Every line from the one with "Hillwood Farmgate Dog Rules Sign" through the end of the material below, both ends included, should be transcribed exactly, without pictures.

## Information shown
_ _ _
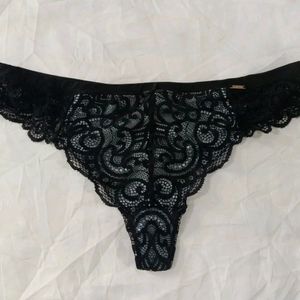 La Vieen Rose Thong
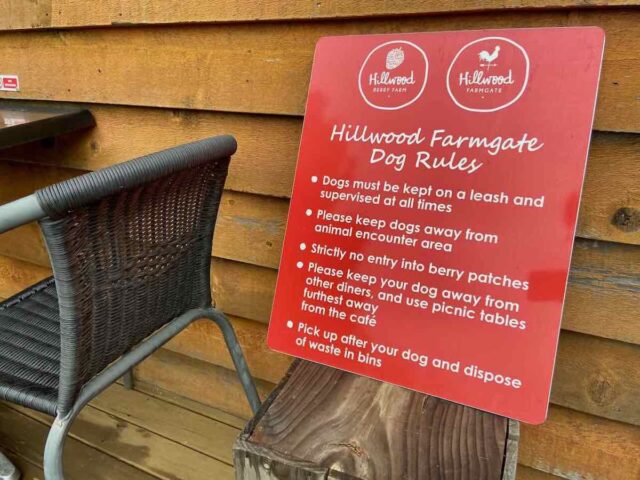 Hillwood Farmgate Dog Rules Sign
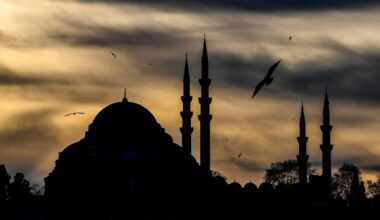 Deux adolescents de 15 et 17 ans retrouvés morts dans leur chambre d’hôtel par leur père après avoir dîné dans un quartier touristique d'Istanbul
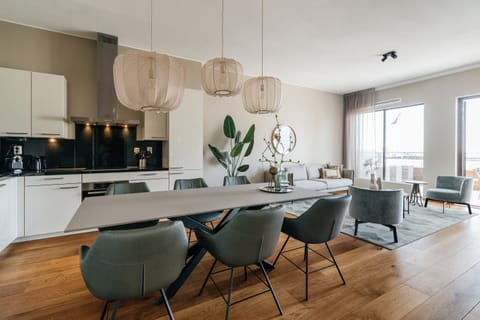 Apartment | Dining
_ _ _
## Result of the exercise
 Hillwood Farmgate Dog Rules Sign
 Deux adolescents de 15 et 17 ans retrouvés morts dans leur chambre d’hôtel par leur père après avoir dîné dans un quartier touristique d'Istanbul
 Apartment | Dining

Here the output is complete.